# Islabike trying before buying?



## leafytrees (24 Apr 2012)

Hi,
New member, so hoping I've come to the right place. We're considering buying an Islabike for our daughter for her 7th birthday but we would really prefer to try before we buy. We live in London and can't get to Islabikes during the week. Does anyone know anywhere in London where we could try one? I've contacted Islabikes and they just said, based on measurements a Beinn 24 would be fine. We're just a little cautious as it's a lot of money to spend to find that she won't ride it because it's too big.

Thanks very much
Katie


----------



## VamP (24 Apr 2012)

leafytrees said:


> Hi,
> New member, so hoping I've come to the right place. We're considering buying an Islabike for our daughter for her 7th birthday but we would really prefer to try before we buy. We live in London and can't get to Islabikes during the week. Does anyone know anywhere in London where we could try one? I've contacted Islabikes and they just said, based on measurements a Beinn 24 would be fine. We're just a little cautious as it's a lot of money to spend to find that she won't ride it because it's too big.
> 
> Thanks very much
> Katie


 
You can only buy Islabikes direct. But if you can't make a day of it, and I do recomend that you do (I think they open weekends too), maybe it will give you reassurance that Islabikes have the best resistance to depreciation of all bikes. So if you get the wrong size, you will sell it on very easily - second hand Beinns get snapped up.

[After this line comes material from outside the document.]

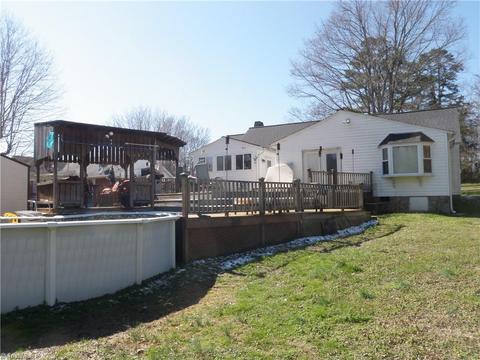 300 Garner St, Denton, NC 27239 photo 9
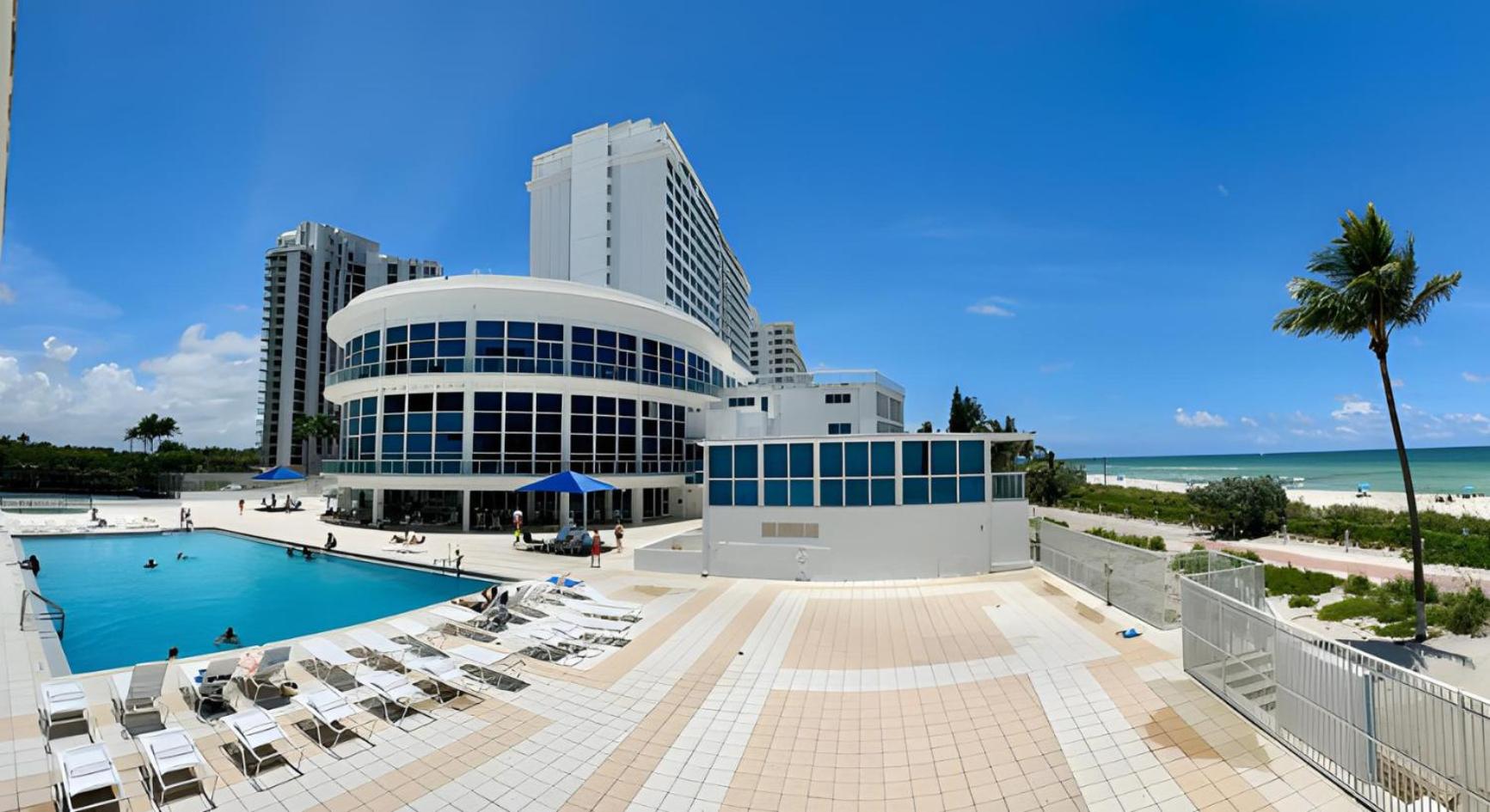 SeaStays-Miami Beach Apartments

My 9 year old is just growing out of his Beinn 24 - and that's with a much longer seatpost than standard. Assuming that your daughter is average size for her age, I imagine the 24 will be perfect for her, with a good 2 years of use, and she will love how light it feels compared other children's bikes.


----------



## TonbridgeSteve (24 Apr 2012)

we have two Islabikes and have been very happy with them. When we got the last one we were having trouble deciding between the cnoc 14 and 16 so phoned them up and they were very helpful with sizing and talking over concerns we had.

One thing that might be worth asking about is the Distance Selling Regulations, which I understand should mean that you could return the bike to them within 7 days. I would assume you would have to cover deliver costs back but if you cannot get up to them it could be a way for you to actually recieve the bike and be able to look at it, knowing that you would get your money back if it really wasn't suitable.


----------



## Globalti (24 Apr 2012)

Go ahead and buy, she will love it. We actually went along to Islabikes to try one for our son and he started by whizzing around on a 24" wheel bike then a 26". The 24" was perfect but he managed the 26" OK so we bought that and he has grown into it, now the seatpost is at its maximum so we will be selling it this summer and moving on. What he really likes about his Islabike is that it rides really nicely and handles beautifully.


----------



## alans (24 Apr 2012)

Islabikes sized my grand daughter's bike over the phone & then we travelled to the shop to collect to make sure it did fit.
Twas perfect.
When we have to do so again I would be entirely happy not to travel & allow them to deliver.


----------



## Butterfly (1 May 2012)

I have found their measurements to be very accurate. I've dealt with several for my charges and my nephew. My current charge is 7 and has a Beinn 20 which is definitely on the small side (I hope he's getting something bigger for his Birthday).


----------



## hairyhippy (20 May 2012)

Don't worry. The bikes are awesome. You won't be disappointed and you won't lose money on them. (Can you tell we're fans :-))


----------



## summerdays (21 May 2012)

My son is on the small side and we have almost had our Beinn 24 for almost 3 years and it still has a bit of growing room (I'm sure he will do a growth spurt soon). He is now 11 so we must have bought it when he was just 8. They have a long seat post. Though he can also ride the Luath 26 that we have.


----------